Seeber’s training regimen and personal sacrifices paid off. He finished 12th overall and 2nd in his age group. What made him really excited, though, was the realization that there were many, many places during the race where he knew he could shave off time, especially on the transitions.
Next stop: Omaha, Nebraska, and the National Olympics, with a chance to qualify for the Worlds. It’s now mid-August. “Talk about being a small fish in a big pond,” says Seeber, a mere two triathlons under his belt. “There were thousands of competitors, guys in their 30s who had competed at the highest levels for ten or fifteen years, experts in all three events, and thousands of dollars in cutting-edge gear.”
Seventy entrants in Seeber’s division all hit the water at the same time for the first leg of the race. “A total mess,” Seeber mutters in dismay, “a madhouse. People grabbing your feet, swimming over you – just unbelievable. My start was awful. I should have broken out ahead, but instead I got kicked in the face, dislodging my goggles, which filled with water.” Seeber had to stop, tread water, and re-adjust the goggles, all the while losing valuable seconds.
Seeber also readjusted his mental state. He reminded himself that few people ever have the experience in which he was engaged. He reminded himself of the many sacrifices he had made to prepare for this event. “You’ve worked too hard to give up,” he thought to himself. “You owe it to yourself to do the very best you can do.”
A smooth transition from the water to his bike reinforced Seeber’s positive frame of mind. While he noticed many competitors pass him, he could see by their patches that most were older athletes in higher age divisions. “Biking is the place to make up time in a triathlon,” states Seeber with authority. “Half of the triathlon is spent on the bike, so it pays to be good at it.” The one hour and thirteen minutes Seeber spent pedaling compared favorably with the top time of the day, 56 minutes. Heading out on the bicycling route into the Nebraska cornfields was nonetheless arduous. Only on the turnaround, heading back toward the city, did Seeber start to feel more confident, his bike fairly flying down the highway.
“I got off the bike,” Seeber continues, “ready to attack the [6.2-mile] final leg. I know what it’s like to go into ‘the pain cave’ a little bit and felt ready to chase down some people. I set a good pace from the start. The pancake-flat course was perfect.”

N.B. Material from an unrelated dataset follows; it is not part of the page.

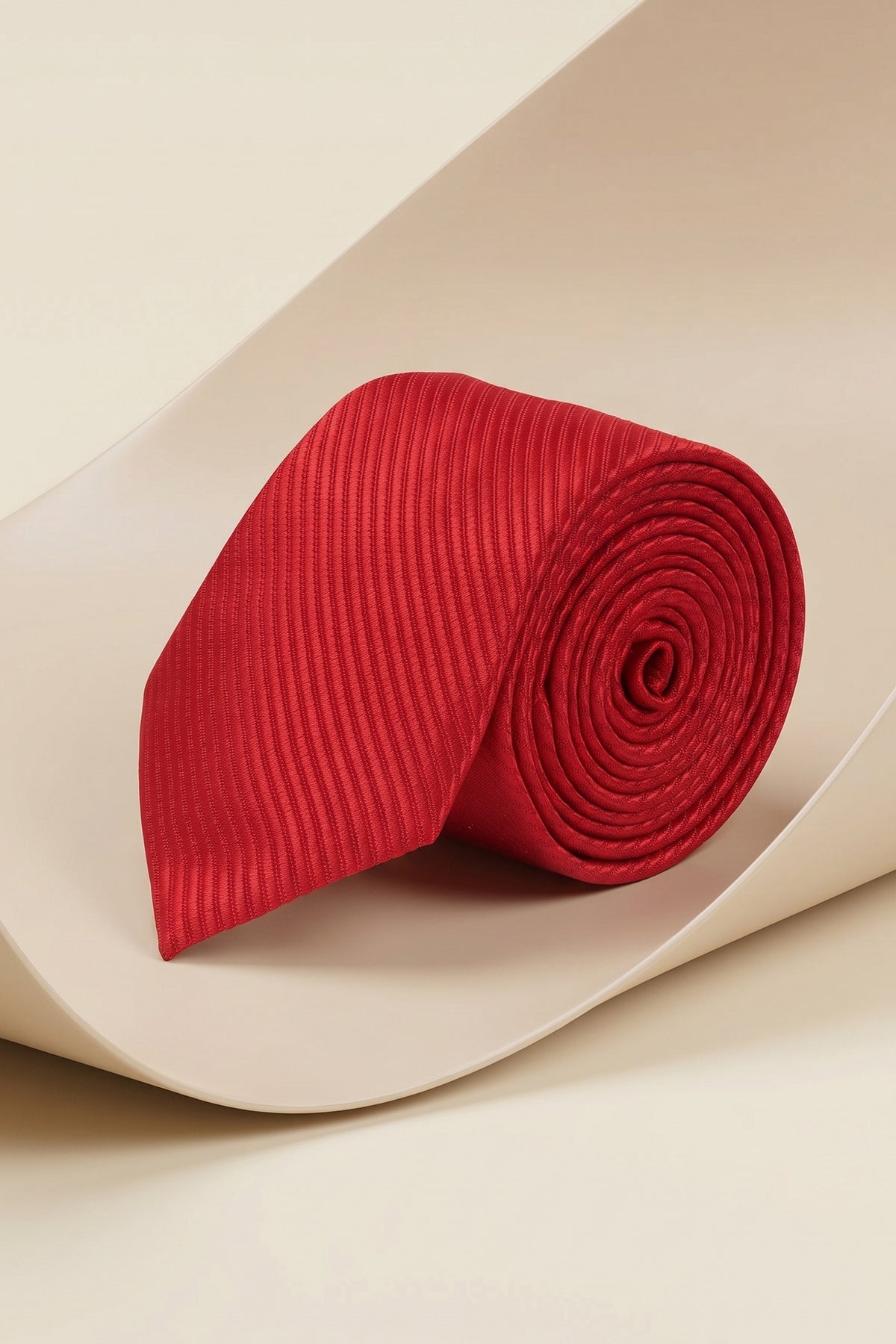 Twill Plain Red Tie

Seeber passed runner after runner, from all age divisions. He also noted runners who’d stepped off the course, cramping up in the 100-degree heat, doubled over, vomiting, paying the price for going too hard in earlier events.
“Only one guy passed me the entire 10K,” Seeber states, both proud and amazed. “The course was packed, with many athletes walking or jogging. I passed hundreds of guys, but with the staggered starts at the beginning of the race, it’s impossible to know how you’re doing.”
As Seeber pushed on, he observed more and more people stopping by the roadside to deal with the physical adversity. When he got within a mile of the finish, Seeber started to think about all the time he put in during the summer, the pre-dawn hours on his bike when everyone else in his summer camp was still asleep. “The hurt was coming on strong at that point,” Seeber shares, “but focusing on every last reserve I had, I took it up a gear and mounted a strong, final kick.”
Across the finish line, Seeber’s legs finally gave up on him. “I don’t think I’d ever pushed myself like that,” he says now. “Suddenly, my legs wouldn’t support my body.” It proved a not uncommon sight, as Seeber saw a number of fellow competitors pass out completely.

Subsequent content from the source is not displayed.